What is required - Only the lines from the one containing "Immigrants from Austria" to the end of the entries should be written out, each exactly as it stands, both ends included.

Short descriptive text snippets -
==*==
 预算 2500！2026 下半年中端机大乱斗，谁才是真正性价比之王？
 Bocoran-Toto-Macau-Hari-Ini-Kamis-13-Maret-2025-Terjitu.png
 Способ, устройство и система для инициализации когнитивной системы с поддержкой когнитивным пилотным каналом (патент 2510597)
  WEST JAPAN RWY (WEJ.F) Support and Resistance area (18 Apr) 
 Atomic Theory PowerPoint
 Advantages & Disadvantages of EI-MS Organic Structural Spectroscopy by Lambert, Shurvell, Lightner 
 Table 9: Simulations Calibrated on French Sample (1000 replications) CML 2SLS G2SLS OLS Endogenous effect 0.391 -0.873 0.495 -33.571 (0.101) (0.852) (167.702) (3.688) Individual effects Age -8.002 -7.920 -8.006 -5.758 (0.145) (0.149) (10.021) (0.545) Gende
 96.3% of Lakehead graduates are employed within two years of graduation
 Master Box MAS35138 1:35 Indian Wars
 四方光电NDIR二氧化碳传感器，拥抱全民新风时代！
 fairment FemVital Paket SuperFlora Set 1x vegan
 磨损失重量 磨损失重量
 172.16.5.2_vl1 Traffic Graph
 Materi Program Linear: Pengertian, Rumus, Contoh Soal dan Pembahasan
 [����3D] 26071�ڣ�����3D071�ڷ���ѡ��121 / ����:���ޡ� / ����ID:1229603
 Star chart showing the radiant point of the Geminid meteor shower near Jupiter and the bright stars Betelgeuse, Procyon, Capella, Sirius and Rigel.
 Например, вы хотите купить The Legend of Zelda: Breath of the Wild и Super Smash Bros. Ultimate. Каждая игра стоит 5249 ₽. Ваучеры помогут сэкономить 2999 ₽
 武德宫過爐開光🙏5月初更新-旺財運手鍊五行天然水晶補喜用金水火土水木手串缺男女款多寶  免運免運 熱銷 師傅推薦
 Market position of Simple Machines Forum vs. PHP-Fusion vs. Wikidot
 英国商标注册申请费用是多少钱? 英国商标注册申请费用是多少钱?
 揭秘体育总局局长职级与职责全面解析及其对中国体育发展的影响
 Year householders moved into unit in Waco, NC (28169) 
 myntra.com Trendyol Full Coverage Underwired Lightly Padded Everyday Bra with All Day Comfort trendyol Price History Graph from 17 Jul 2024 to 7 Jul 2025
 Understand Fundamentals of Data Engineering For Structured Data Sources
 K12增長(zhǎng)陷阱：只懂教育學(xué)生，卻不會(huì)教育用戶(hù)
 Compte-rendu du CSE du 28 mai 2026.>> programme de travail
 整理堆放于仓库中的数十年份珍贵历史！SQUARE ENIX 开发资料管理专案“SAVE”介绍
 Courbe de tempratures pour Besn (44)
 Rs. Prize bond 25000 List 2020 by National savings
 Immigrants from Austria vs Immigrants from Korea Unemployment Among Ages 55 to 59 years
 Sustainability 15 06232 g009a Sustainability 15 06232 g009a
==*==
Your solution -
 Immigrants from Austria vs Immigrants from Korea Unemployment Among Ages 55 to 59 years
 Sustainability 15 06232 g009a Sustainability 15 06232 g009a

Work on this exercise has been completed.